Liberaller bu doğru noktaya nasıl gelebildi ve sosyalistler neden bu anti-Kemalizm bataklığından çıkamıyor? Bu, belki de başka bir yazının konusu olacak kadar önemli bir soru ama yine de kısa bir yanıt vermeliyiz.

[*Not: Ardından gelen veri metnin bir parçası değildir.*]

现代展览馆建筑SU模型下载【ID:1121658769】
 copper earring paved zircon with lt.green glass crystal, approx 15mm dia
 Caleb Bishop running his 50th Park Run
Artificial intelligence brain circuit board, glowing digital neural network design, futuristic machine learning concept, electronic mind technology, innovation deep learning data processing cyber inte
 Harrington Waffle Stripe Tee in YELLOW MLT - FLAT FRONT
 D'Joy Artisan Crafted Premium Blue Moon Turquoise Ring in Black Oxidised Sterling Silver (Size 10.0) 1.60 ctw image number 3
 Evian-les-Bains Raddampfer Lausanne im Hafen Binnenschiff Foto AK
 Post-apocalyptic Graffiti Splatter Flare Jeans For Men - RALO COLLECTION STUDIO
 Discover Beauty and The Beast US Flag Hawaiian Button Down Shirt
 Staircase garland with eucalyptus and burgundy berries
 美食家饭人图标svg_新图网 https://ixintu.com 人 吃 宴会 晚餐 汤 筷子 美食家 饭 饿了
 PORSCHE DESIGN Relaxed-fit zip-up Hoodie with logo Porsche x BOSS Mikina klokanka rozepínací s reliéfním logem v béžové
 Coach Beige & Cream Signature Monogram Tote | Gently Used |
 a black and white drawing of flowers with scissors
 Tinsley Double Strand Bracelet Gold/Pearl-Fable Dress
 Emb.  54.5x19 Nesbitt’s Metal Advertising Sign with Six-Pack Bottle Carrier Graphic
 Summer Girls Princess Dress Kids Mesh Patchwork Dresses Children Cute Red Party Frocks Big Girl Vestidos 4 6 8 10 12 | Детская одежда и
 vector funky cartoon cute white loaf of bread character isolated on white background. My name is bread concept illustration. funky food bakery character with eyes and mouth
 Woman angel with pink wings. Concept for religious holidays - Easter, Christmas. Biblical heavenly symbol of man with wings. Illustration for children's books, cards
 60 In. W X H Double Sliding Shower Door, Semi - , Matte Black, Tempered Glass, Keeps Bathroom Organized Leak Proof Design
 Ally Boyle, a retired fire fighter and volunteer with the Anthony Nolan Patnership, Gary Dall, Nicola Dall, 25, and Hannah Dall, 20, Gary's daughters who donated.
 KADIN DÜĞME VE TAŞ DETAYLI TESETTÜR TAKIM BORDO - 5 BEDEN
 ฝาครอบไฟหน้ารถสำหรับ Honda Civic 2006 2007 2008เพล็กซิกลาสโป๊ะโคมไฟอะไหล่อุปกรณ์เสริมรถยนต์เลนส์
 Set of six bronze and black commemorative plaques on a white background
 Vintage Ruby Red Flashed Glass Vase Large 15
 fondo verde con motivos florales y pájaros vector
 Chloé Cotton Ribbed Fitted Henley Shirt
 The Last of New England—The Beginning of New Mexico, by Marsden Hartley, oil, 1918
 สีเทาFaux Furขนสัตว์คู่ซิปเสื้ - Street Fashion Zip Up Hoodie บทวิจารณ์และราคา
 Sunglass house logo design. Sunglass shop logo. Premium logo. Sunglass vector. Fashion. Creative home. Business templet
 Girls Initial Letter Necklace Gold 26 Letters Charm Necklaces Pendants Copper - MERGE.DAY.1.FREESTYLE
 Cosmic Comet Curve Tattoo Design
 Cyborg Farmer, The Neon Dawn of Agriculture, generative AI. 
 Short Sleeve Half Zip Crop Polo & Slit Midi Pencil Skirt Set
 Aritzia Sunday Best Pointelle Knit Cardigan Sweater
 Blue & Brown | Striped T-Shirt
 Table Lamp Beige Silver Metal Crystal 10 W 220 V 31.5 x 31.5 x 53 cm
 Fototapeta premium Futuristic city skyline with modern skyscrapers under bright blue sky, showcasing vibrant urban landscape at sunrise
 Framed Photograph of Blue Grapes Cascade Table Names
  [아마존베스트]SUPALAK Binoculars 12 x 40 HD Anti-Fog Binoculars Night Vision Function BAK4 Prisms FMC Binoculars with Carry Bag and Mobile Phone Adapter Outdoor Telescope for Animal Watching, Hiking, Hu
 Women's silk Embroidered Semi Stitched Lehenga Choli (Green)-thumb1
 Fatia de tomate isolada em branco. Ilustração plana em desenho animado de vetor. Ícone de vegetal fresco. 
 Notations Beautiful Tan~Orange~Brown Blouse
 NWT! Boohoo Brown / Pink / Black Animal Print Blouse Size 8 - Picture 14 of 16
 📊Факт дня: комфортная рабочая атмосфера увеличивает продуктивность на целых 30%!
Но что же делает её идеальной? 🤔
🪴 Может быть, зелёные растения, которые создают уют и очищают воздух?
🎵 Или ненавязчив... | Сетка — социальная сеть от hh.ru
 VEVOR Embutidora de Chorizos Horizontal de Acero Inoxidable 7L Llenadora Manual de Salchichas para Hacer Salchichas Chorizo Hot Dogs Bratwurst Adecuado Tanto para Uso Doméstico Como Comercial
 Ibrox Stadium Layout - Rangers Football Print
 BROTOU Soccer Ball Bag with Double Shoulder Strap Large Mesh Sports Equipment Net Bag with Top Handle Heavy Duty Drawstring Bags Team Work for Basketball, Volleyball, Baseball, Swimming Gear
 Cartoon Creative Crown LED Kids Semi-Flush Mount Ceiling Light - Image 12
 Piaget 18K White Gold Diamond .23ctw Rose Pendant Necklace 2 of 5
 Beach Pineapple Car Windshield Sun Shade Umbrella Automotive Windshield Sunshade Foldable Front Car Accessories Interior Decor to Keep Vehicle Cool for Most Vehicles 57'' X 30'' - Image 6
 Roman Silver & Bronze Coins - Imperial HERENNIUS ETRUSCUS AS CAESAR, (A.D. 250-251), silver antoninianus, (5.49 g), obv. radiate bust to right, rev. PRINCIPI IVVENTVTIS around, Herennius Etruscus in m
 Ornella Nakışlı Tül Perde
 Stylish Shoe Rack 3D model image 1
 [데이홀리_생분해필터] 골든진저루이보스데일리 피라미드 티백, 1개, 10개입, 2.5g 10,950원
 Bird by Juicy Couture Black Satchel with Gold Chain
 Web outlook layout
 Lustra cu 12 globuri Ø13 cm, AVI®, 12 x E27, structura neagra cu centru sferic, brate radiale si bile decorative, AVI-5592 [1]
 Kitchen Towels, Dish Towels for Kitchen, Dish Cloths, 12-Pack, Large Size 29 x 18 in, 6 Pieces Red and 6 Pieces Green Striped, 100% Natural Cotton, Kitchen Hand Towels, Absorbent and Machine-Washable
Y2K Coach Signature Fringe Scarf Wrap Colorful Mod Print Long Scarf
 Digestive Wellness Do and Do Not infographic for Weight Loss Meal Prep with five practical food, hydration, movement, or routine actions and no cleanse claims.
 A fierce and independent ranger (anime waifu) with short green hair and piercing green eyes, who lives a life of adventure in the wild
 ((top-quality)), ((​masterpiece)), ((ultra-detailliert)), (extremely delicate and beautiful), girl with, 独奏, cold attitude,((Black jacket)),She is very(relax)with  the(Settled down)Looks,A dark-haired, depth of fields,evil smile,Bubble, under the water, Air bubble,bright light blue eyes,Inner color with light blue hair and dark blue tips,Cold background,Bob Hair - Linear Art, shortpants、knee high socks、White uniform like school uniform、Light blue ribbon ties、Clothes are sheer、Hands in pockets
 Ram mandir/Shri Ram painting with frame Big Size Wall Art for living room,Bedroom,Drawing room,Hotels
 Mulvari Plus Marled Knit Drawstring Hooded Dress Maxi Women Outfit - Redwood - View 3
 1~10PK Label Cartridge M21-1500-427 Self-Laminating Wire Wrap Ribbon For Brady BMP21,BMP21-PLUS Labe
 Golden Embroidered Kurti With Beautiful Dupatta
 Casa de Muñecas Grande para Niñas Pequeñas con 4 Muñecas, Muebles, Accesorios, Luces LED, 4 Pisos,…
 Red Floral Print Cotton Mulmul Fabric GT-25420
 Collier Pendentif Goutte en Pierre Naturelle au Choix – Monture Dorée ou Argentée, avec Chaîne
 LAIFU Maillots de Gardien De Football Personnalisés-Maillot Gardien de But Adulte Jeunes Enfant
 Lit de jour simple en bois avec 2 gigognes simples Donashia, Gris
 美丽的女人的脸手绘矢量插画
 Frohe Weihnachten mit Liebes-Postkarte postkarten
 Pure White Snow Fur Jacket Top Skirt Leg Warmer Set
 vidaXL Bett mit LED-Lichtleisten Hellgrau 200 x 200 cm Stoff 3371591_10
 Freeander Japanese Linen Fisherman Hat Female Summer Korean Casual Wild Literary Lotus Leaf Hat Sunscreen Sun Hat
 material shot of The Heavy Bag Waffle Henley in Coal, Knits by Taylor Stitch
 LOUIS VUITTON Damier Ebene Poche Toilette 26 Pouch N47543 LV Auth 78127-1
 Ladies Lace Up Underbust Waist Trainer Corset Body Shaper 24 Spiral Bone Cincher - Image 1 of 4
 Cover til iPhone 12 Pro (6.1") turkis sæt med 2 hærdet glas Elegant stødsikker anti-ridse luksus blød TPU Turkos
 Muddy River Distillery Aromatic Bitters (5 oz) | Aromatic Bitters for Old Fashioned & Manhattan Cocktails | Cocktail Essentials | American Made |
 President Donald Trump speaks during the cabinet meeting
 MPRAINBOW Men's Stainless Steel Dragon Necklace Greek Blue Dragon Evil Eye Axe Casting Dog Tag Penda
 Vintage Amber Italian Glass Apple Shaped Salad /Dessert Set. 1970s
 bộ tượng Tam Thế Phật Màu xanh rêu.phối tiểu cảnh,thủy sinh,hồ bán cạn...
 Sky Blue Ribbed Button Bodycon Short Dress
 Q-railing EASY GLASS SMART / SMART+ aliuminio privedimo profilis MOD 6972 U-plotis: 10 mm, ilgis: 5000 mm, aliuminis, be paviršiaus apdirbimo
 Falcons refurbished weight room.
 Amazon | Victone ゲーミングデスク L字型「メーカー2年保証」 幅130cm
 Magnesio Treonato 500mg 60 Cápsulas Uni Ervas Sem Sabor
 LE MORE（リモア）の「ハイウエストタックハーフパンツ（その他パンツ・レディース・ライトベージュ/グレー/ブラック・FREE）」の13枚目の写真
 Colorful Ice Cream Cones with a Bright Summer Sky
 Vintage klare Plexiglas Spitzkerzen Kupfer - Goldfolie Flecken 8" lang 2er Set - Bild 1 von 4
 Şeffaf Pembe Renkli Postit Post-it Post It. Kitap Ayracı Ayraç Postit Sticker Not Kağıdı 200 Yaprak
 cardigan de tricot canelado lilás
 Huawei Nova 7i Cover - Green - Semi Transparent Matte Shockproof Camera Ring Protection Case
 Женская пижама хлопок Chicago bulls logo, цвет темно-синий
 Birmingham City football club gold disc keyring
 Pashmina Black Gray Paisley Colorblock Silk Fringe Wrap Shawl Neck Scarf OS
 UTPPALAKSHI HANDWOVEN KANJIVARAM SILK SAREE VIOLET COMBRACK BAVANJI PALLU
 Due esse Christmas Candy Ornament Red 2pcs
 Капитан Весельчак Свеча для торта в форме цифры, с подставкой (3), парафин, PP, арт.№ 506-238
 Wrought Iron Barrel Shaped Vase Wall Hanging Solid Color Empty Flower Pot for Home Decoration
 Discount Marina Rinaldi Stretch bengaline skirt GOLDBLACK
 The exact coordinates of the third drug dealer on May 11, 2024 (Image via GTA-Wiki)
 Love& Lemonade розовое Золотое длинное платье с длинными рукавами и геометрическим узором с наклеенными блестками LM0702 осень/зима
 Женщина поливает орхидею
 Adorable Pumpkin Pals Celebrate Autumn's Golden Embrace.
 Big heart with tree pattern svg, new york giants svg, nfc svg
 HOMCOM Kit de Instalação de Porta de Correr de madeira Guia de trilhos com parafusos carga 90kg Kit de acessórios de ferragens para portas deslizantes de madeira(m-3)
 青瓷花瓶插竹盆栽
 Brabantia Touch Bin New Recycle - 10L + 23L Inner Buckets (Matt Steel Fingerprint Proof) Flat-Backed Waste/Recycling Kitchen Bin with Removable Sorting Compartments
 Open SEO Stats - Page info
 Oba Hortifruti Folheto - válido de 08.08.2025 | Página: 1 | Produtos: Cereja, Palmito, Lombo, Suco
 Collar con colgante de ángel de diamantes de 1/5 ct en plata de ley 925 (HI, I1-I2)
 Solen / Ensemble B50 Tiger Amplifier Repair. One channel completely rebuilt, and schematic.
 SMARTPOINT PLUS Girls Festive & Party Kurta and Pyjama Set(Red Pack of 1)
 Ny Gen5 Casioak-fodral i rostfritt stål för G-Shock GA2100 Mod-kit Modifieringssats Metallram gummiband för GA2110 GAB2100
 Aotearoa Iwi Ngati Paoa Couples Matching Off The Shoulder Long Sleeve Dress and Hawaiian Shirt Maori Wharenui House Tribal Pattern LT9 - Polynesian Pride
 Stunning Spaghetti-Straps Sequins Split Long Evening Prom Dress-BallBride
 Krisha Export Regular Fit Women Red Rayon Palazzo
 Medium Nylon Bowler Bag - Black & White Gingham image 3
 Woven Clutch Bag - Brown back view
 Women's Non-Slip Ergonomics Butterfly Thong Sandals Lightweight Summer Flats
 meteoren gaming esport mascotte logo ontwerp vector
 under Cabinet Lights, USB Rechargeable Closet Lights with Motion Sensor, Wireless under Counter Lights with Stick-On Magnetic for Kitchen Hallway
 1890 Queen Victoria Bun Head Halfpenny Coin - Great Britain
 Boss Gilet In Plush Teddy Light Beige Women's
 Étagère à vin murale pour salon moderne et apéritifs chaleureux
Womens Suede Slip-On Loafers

Sosyalistler, özellikle de Marksistler, dünyada bulunabilecek en skolastik insan türüdür. Geçmişteki ustalar (selefler!) millî devletlere, cumhuriyetlere burjuva ve gerici demiştir. Demek ki Mustafa Kemal Atatürk ve Cumhuriyet burjuva, bunları savunanlar da gericidir. Garip ama gerçek. Ne yaparsanız yapın, ne kanıt getirirseniz getirin bu skolastik sosyalistleri bu çukurdan çıkaramazsınız. AKP Şeriatçılığı 20 değil 40 küsur yıl memleketi yönetse bu adamlar yine de Mustafa Kemal’in Askeri olmazlar. Liberalse en azından dogmalarla kısıtlı olmadığı için ideolojisi yanlış da olsa bir gün politik olarak doğru noktaya gelebilir.
Hepsini geçtim… Mesele kendini Türk ve Atatürkçü hissedebilmekte. Bunu hissetmeyen, elbette Mustafa Kemal’in Askeri olmaz, olamaz. Her şey olur, onu olmaz!